## Work required
Return every line of the records, exact and in full, until you have returned the line with "Person holding a", and include none of the pictures.

## Records for the exercise
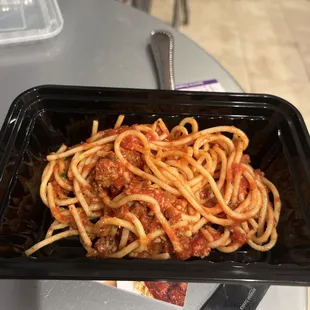 a plate of spaghetti and meat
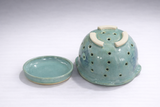 Green stoneware berry bowl with drainage holes and matching base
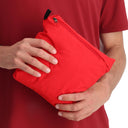 Person holding a red compression bag against a red background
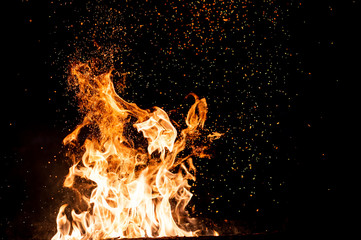 Burning woods with firesparks, flame and smoke. Strange weird odd elemental fiery figures on black background. Coal and ash. Abstract shapes at night. Bonfire outdoor on nature. Strenght of element.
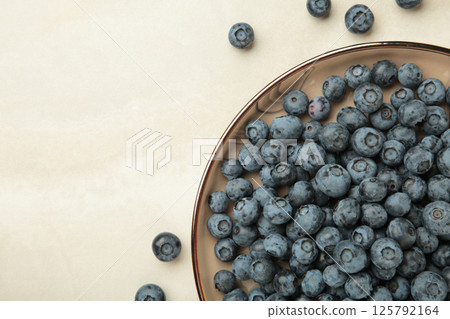 Beige ceramic bowl of fresh ripe blueberries on light background. Beige ceramic bowl of fresh ripe blueberries on light background. 125792164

## Result of this task
 a plate of spaghetti and meat
 Green stoneware berry bowl with drainage holes and matching base
 Person holding a red compression bag against a red background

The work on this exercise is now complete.